** Opening DATA RECORDS block **
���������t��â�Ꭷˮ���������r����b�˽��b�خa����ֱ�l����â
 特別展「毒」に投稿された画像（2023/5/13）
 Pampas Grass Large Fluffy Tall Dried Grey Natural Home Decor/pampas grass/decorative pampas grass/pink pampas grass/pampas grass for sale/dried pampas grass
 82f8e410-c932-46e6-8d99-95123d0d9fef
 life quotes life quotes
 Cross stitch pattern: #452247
** Closing DATA RECORDS block **
TASK TO CARRY OUT - Say each line again exactly as it appears above.

SOLUTION -
���������t��â�Ꭷˮ���������r����b�˽��b�خa����ֱ�l����â
 特別展「毒」に投稿された画像（2023/5/13）
 Pampas Grass Large Fluffy Tall Dried Grey Natural Home Decor/pampas grass/decorative pampas grass/pink pampas grass/pampas grass for sale/dried pampas grass
 82f8e410-c932-46e6-8d99-95123d0d9fef
 life quotes life quotes
 Cross stitch pattern: #452247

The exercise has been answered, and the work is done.